• _MATERIAL SHOWN_
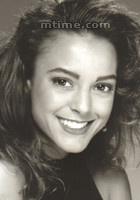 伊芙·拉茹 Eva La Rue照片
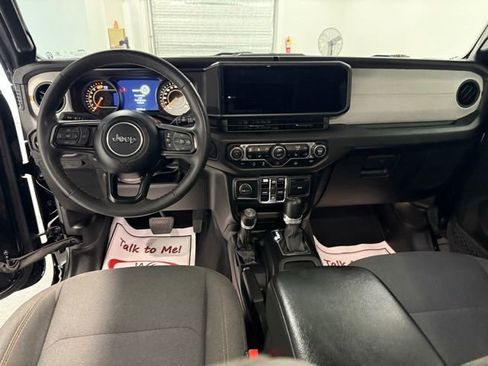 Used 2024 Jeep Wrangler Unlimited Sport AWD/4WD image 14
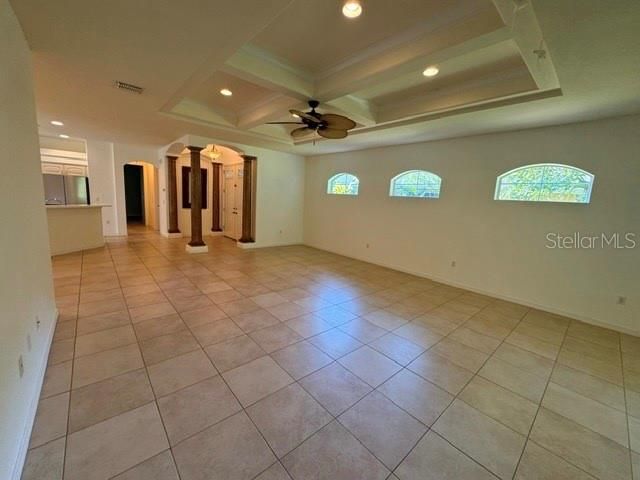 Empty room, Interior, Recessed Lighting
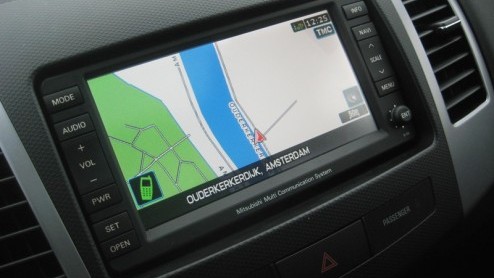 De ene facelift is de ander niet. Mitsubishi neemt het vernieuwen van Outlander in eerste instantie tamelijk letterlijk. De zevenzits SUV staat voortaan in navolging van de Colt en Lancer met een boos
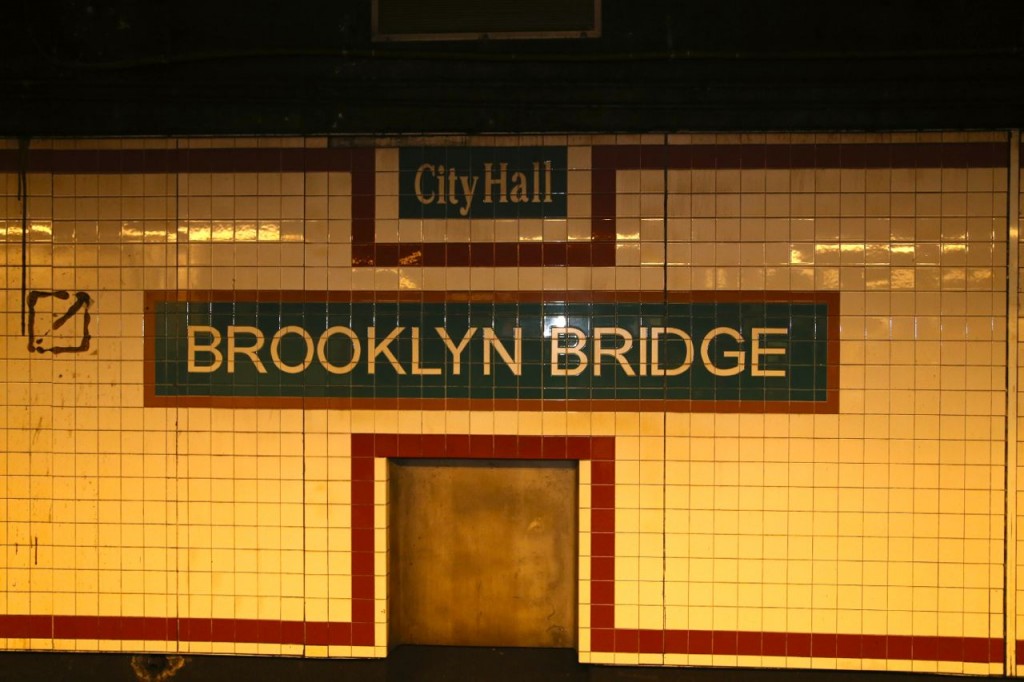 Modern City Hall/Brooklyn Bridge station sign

...

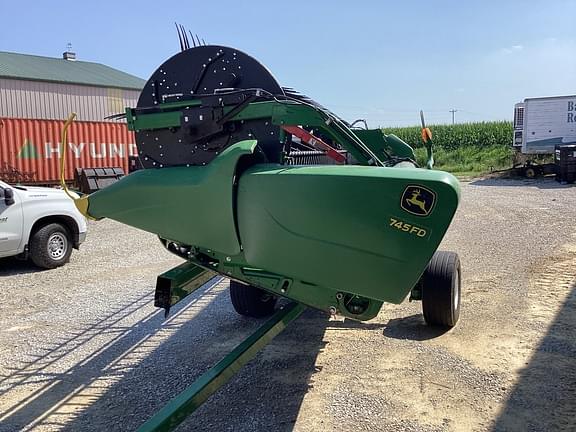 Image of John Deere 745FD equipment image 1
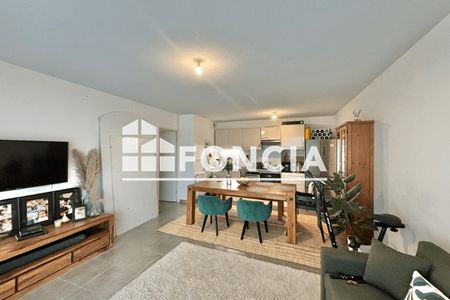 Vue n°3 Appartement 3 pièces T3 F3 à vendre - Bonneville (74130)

...

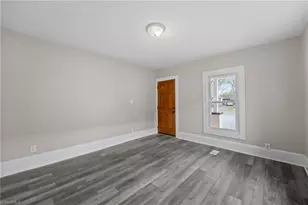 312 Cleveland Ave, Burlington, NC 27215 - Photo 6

• _THE PROBLEM_
Pictures in the entries do not go into the copy. Print only the lines starting at the one containing "伊芙·拉茹 Eva La Rue照片" and ending at the one containing "Empty room, Interior, Recessed Lighting", exactly as they appear.

• _OUTPUT FOR THIS TASK_
 伊芙·拉茹 Eva La Rue照片
 Used 2024 Jeep Wrangler Unlimited Sport AWD/4WD image 14
 Empty room, Interior, Recessed Lighting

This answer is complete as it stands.